In a Kiva-equipped warehouse, central command software sends orders wirelessly to a fleet of squat, wheeled robots. A robot’s job is to navigate to the mobile shelving unit that contains the requested product, lift up the whole shelf, and transport it to a picking station, where a human operator grabs the product and transfers it to a box for shipping. (The process, which is quite beautiful to watch, is described in more detail in this April 2008 profile.)

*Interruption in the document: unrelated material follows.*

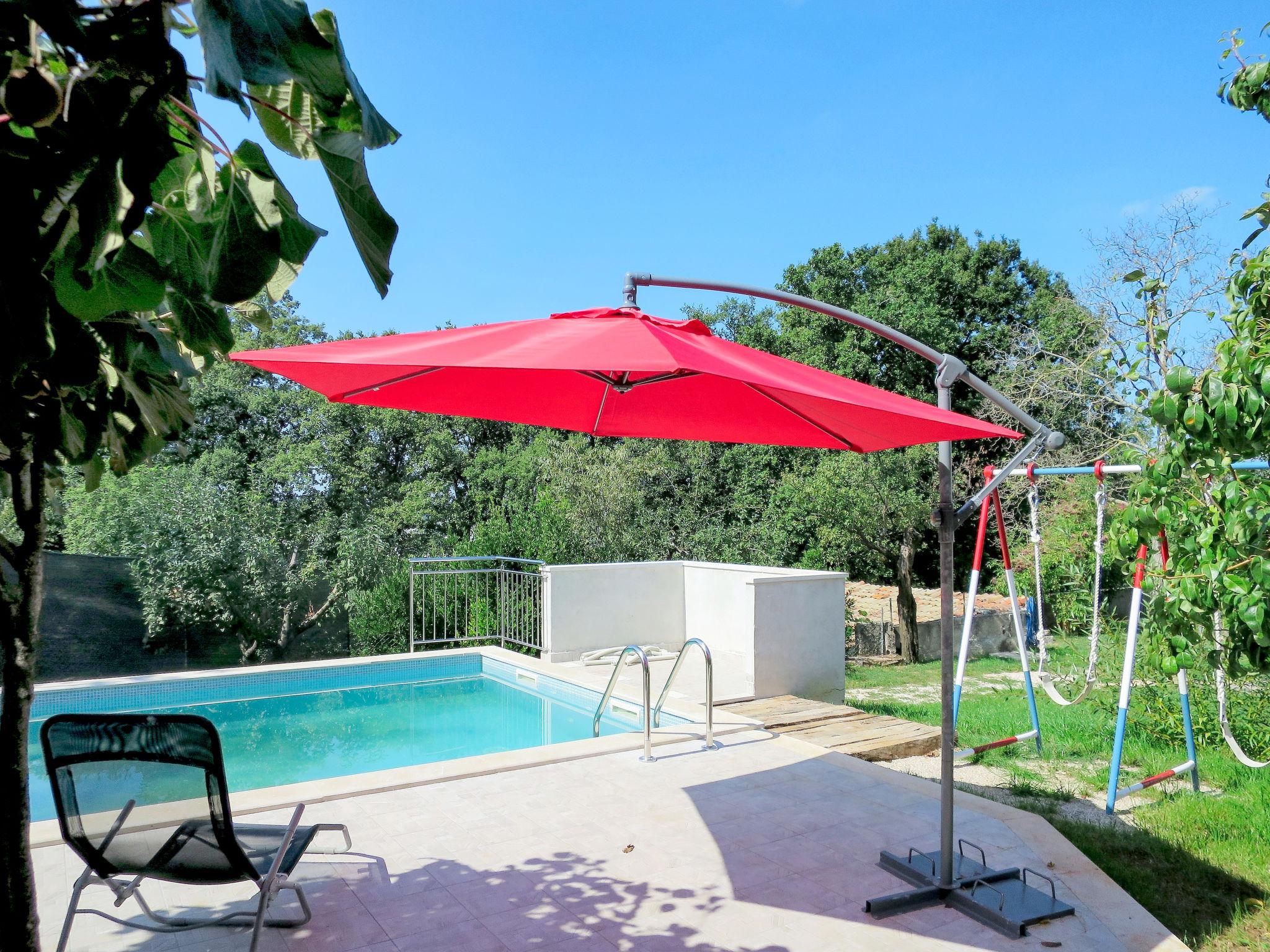 Photo 9 - Maison de 2 chambres à Sveti Petar u Šumi avec piscine privée et jardin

Such a computerized system has a special advantage when it comes to handling highly regulated products such as the stents, catheters, and myriad other medical devices that Boston Scientific manufactures by the thousands. “The FDA sends out notifications quite frequently about [devices] that need to be double-checked or put on hold, and that is very disruptive to a manual operation,” says Mountz. “What we can do, just before we present something to the operator, is ask the host system, ‘Is this still okay?’” That way, products that have been flagged for regulatory reasons never make their way into boxes for shipping.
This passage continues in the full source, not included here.